Garuda, entah di hutan
mana aku mencarimu. Setelah aku jauh berkeliling, tidak kunjung aku melihatmu,
apalagi melihat hutan Indonesia sekarang, aku tidak berharap banyak. Sebab
hutan tidak lagi dihuni orang hutan, melainkan oleh orang-orang kota. Sejak
keberadaan orang-orang kota di hutan-hutan, kamu tidak mungkin terlihat lagi.Orang kota datang ke hutan
kira-kira mau ngapain. Cari pekerjaan? Sepertinya bukan, sebab pemuda-pemuda
kampong sebelah hutan ini malah pergi ke kota untuk mencari pekerjaan. Di kota
banyak pekerjaan, pikirnya.
Orang kota itu membawa
banyak peralatan, alat berat tentunya, jangan-jangan untuk menebang hutan. Ya
hutan. Hutan yang biasanya mereka tebang. Seperti di tempat-tempat lain
kepulauan ini, mereka menebang hutannya, bukan pohonnya. Musnah. Itulah bedanya
orang kampung dengan orang kota. Kalau orang kampung hanya menebang pohon untuk
keperluan hidup sehari-hari mereka. Sementara orang kota menebang hutannya
untuk memenuhi keperluan nafsunya. Ah, biadab.
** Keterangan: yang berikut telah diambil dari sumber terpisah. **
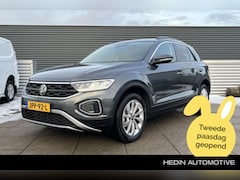 Volkswagen T-Roc - 1.5 TSI Life Edition | BTW | ACC | Camera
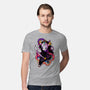 Silent Samurai-Mens-Premium-Tee-Bruno Mota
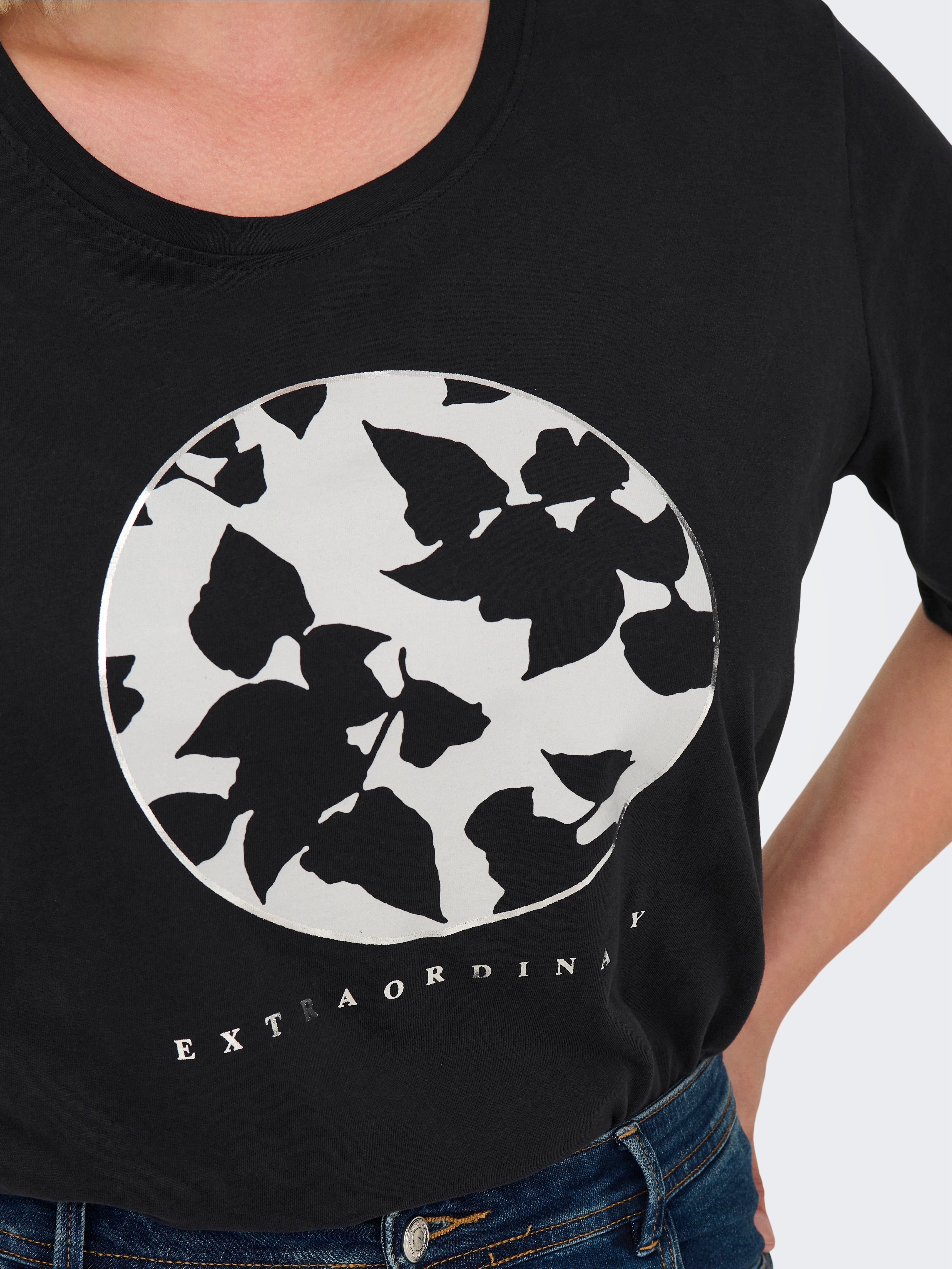 CARAGATI T-shirt Black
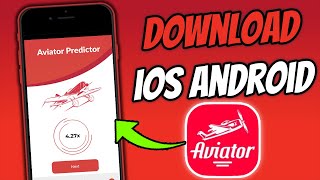 How to Download Predictor Aviator ✈️ iOS iPhone Android EASY (NO DEPOSIT) screenshot 1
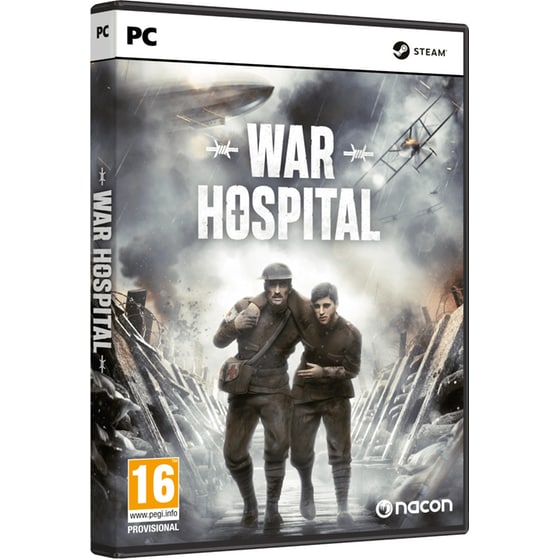 War Hospital - PC image 0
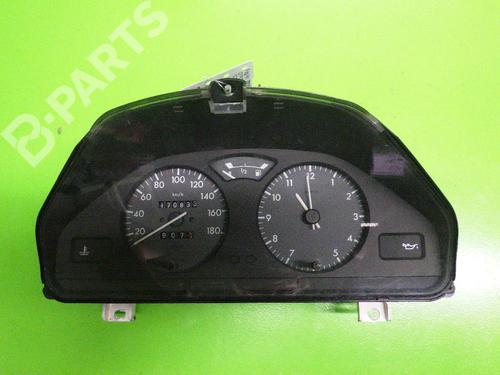 Used Instrument cluster CITROËN SAXO (S0, S1) 1.0 X (45 hp) 6380937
Garudaku hilang. Hanya ada
di kanvas guru-guru melukis imaji, hanya ada dalam cerita guru sejarah yang
sebetulnya harus jujur belum pernah melihat Garuda sekuat itu, dalam rumus kode
buntut guru matematika.
Aku kecewa, buat apa aku
bisa terbang kalau aku tidak bisa memenuhi hasrat masa kecilku melihat dan
bercengkrama dengan Garuda. Garuda tinggal namanya saja. Dalam mimpi pengusaha
penerbangan, dia ingin mempunya pesawat terbang sekuat Garuda. Pengusaha kacang
tanah kemasan, dia ingin kacangnya besar sebesar Garuda dibandingkan kelinci.
Garuda, terlanjur menjadi gambar, terlanjur menjadi simbol, terlanjur menjadi
lambang, artinya sebagai identitas wilayah berkapasitas Negara Kesatuan. Garuda,
burung yang kuat, negara lemah, tak ada hubungan, tidak nyambung.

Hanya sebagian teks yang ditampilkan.